Are we finally returning to basics with SOA? Maybe with the recent "SOA is dead" shock therapy, along with the rise of Enterprise 2.0 and cloud computing thinking, there's recognition that service orienting needs to be fast and agile, injecting value into the business where it is needed the most at a given time. That's the original essence of SOA, if you will.
On a practical level, we need to do away with large, unwieldy groups that only end up working at cross-purposes, and rev up innovation through lightweight, entrepreneurial teams -- no more than seven members per team.
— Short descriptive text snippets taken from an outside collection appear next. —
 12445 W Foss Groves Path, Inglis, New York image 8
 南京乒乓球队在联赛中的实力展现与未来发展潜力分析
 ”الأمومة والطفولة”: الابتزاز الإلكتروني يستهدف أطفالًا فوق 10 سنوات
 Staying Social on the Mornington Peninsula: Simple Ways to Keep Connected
That's the view of Software AG's Miko Matsumura, who has been thinking about these approaches for some time. (And is also a neuroscientist by training). I recently had the opportunity to do a podcast Q&A with Miko, who elaborated on the idea that innovation occurs on a much greater scale when problems and opportunities are approached as smaller teams working at a common purpose. (Listen to the podcast here, or read the transcript here.)
SOA needs to be repurposed, to bring all the "tribes" that exist across a typical enterprise into a common purpose, while retaining their independence, Miko says. Tasks with managing large, unweildy IT projects, such "tribes" end up working at cross-purposes -- splitting into divisions, business units, functional units, geographic units, and platform units -- such as Java, Oracle, Microsoft, and SAP professionals.
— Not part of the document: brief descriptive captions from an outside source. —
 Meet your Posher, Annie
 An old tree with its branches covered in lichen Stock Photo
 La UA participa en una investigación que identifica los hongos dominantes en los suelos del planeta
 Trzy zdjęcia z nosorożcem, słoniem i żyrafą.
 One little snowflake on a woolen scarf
The rise of cloud computing -- and a movement to return to the basics of SOA -- have given rise to a sense of excitement, that changes in the organization can be driven by small, highly focused teams.As Miko puts it:
"Some of these tribes in IT have experienced enough attrition that they've actually been reduced to small team size again. So, just attrition and loss of head count has reduced the bulkiness, and the bureaucracy, and the heavy weightiness of enterprise IT to the point where they are once again lean and mean, and looking for solutions."
So, for maximum SOA success, keep it small, keep it lightweight, and keep those animal spirits alive and thriving -- even in the most rigid enterprises.